▶ PROBLEM STATEMENT
Take nothing but the lines from the one with "Businessmen or politicians" through the one with "Маленькие серебристые и" in the entries below, both ends kept, and return them exactly with pictures left out.

Captioned web image data:
--- START ---
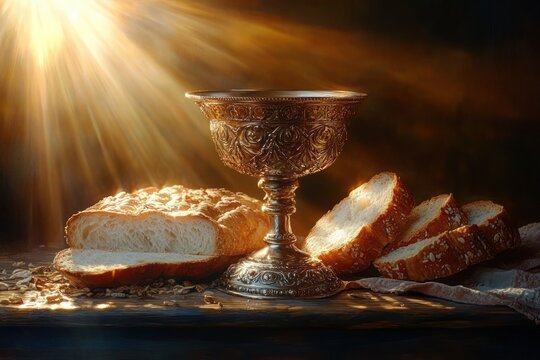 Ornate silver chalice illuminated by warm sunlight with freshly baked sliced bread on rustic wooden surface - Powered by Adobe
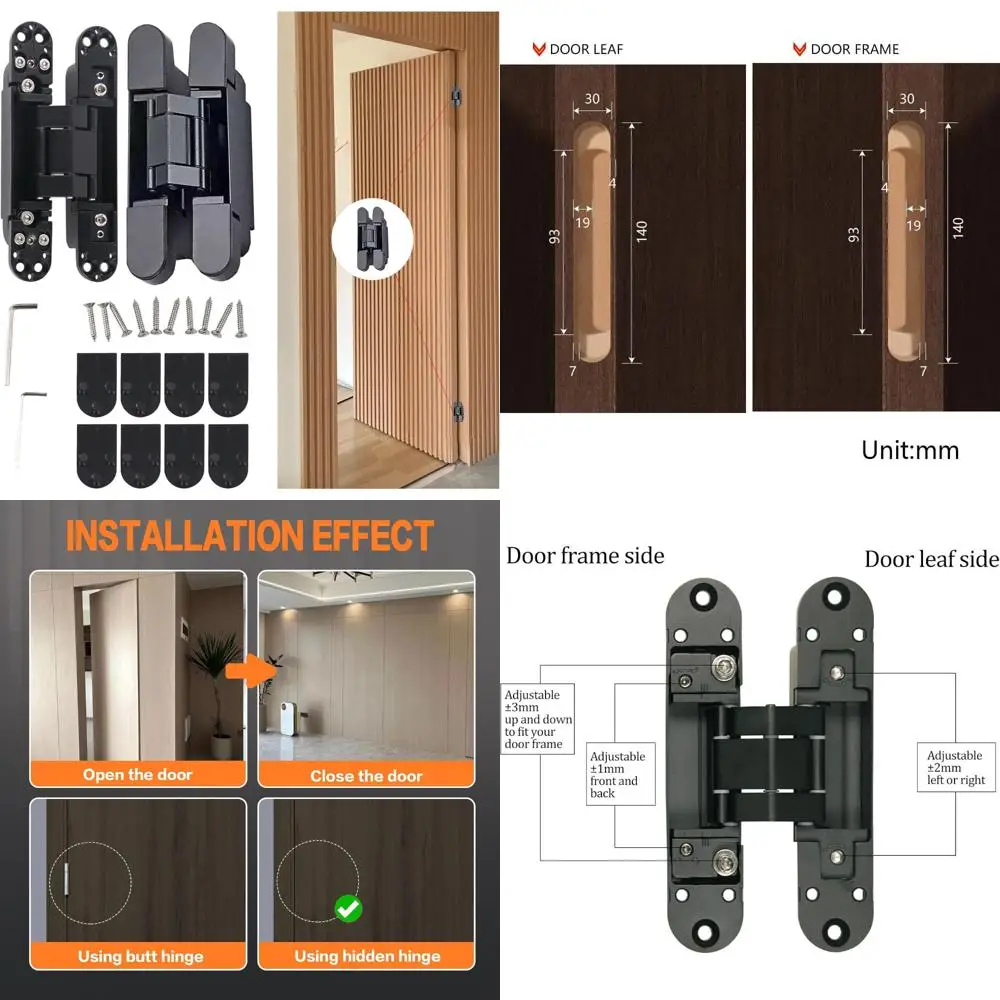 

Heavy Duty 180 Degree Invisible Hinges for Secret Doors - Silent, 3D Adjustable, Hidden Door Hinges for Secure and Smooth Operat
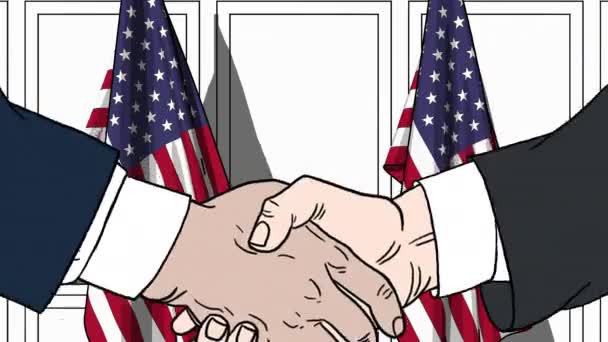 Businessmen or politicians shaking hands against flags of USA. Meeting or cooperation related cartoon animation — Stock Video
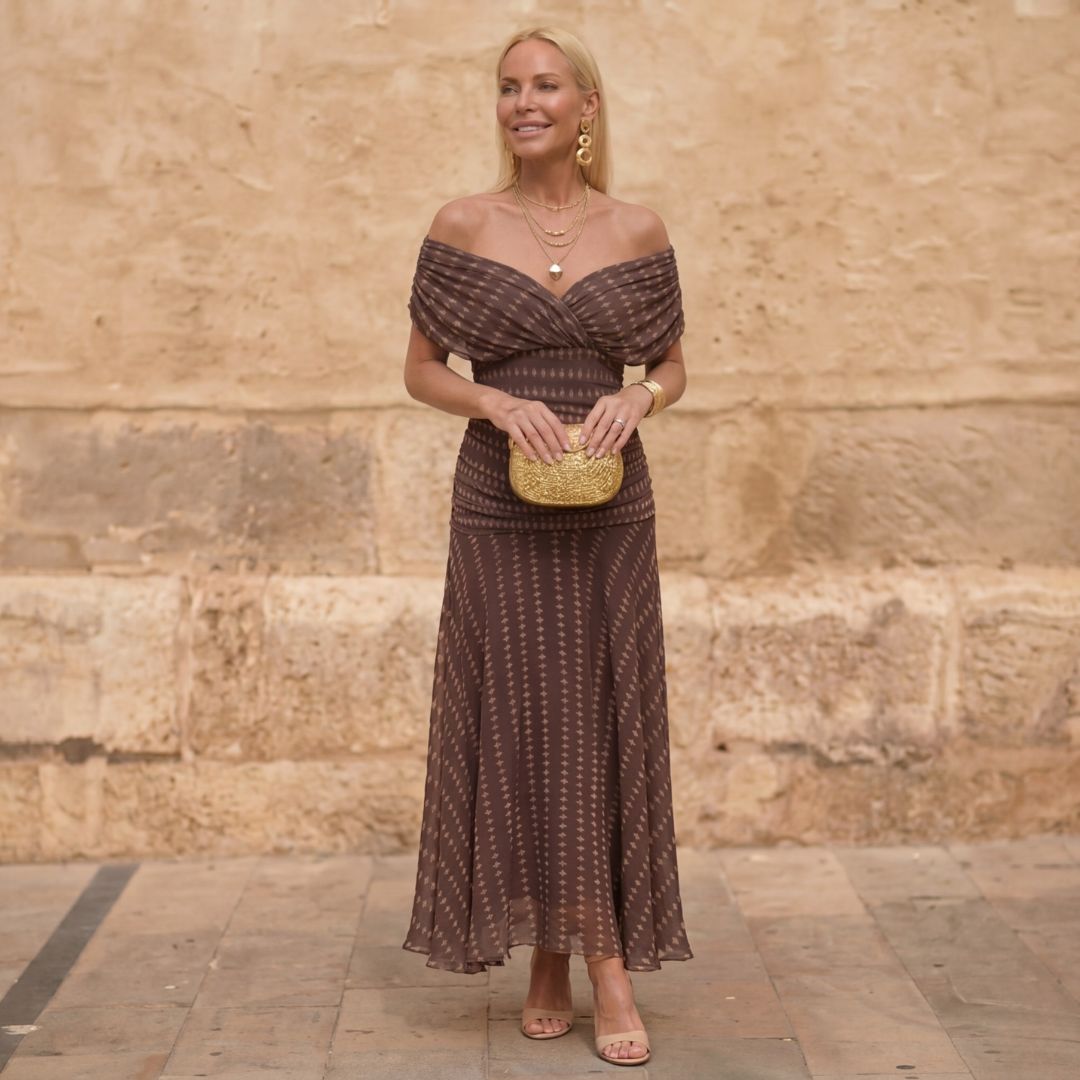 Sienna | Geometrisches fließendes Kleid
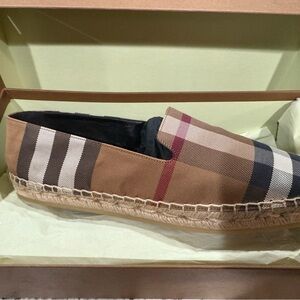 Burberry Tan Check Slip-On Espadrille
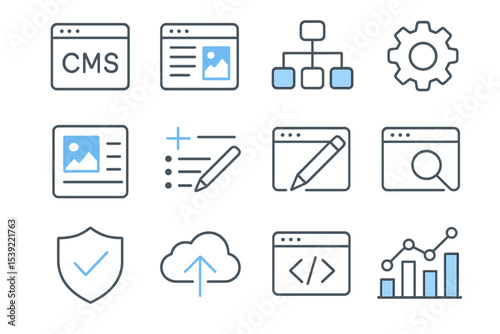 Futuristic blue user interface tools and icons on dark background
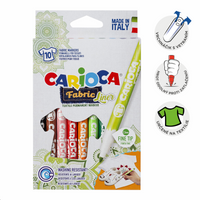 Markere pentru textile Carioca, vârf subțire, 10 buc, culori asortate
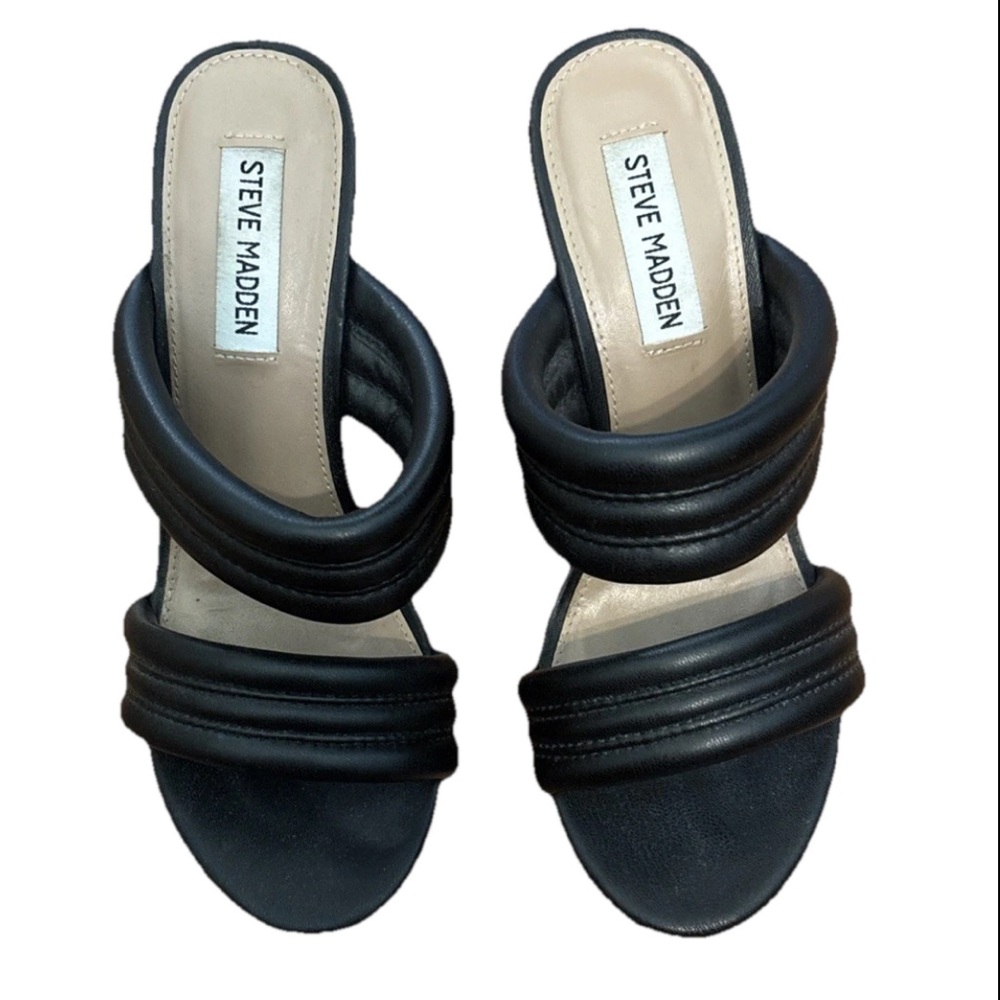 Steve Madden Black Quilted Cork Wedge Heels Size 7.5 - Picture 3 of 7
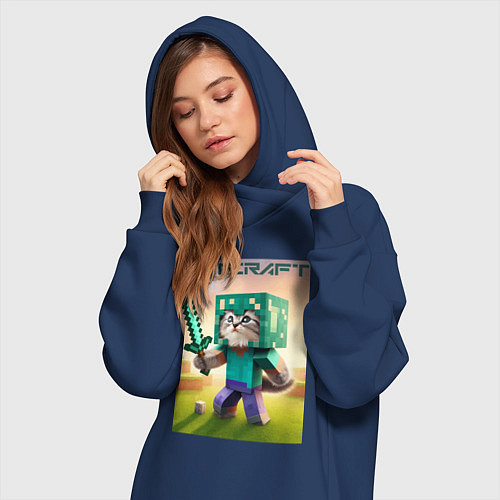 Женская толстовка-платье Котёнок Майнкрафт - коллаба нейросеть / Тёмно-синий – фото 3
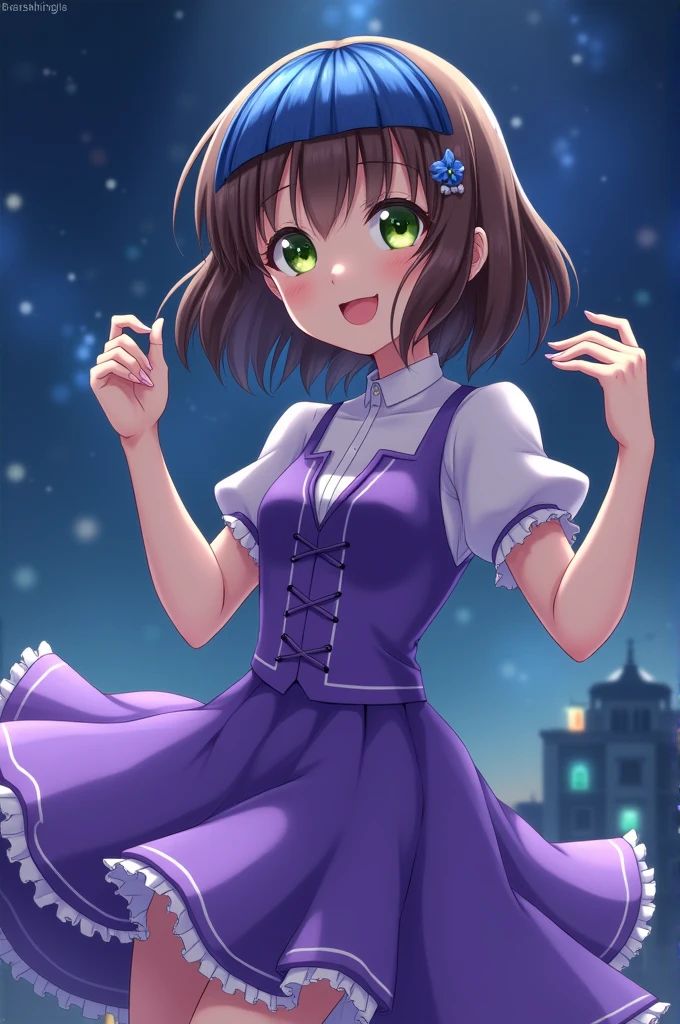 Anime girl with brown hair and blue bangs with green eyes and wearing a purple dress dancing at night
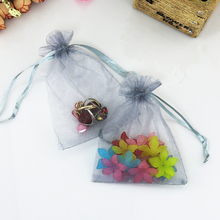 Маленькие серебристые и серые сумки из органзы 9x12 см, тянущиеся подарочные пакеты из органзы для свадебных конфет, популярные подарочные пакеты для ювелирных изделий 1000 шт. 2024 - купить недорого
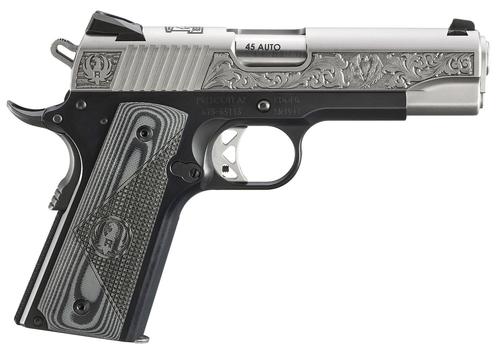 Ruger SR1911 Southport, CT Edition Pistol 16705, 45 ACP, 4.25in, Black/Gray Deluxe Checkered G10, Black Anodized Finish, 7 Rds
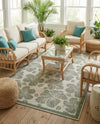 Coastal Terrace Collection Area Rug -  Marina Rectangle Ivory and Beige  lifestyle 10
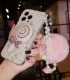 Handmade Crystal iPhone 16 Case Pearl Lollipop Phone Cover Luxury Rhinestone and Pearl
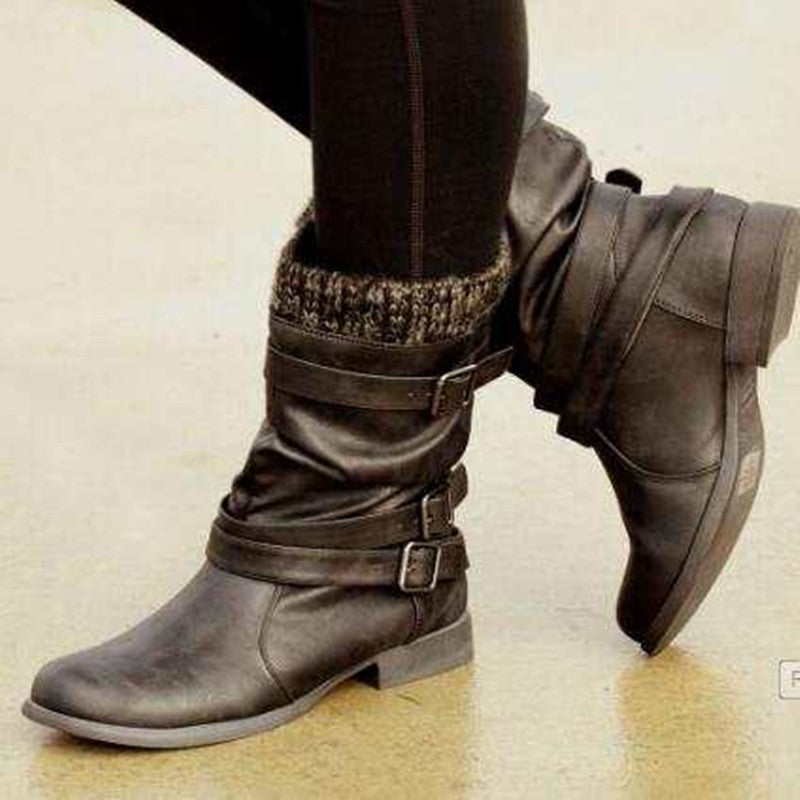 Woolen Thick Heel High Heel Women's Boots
--- END ---
▶ WRITTEN SOLUTION
 Businessmen or politicians shaking hands against flags of USA. Meeting or cooperation related cartoon animation — Stock Video
 Sienna | Geometrisches fließendes Kleid
 Burberry Tan Check Slip-On Espadrille
 Futuristic blue user interface tools and icons on dark background
 Markere pentru textile Carioca, vârf subțire, 10 buc, culori asortate
 Steve Madden Black Quilted Cork Wedge Heels Size 7.5 - Picture 3 of 7
 Женская толстовка-платье Котёнок Майнкрафт - коллаба нейросеть / Тёмно-синий – фото 3
 Anime girl with brown hair and blue bangs with green eyes and wearing a purple dress dancing at night
 Маленькие серебристые и серые сумки из органзы 9x12 см, тянущиеся подарочные пакеты из органзы для свадебных конфет, популярные подарочные пакеты для ювелирных изделий 1000 шт. 2024 - купить недорого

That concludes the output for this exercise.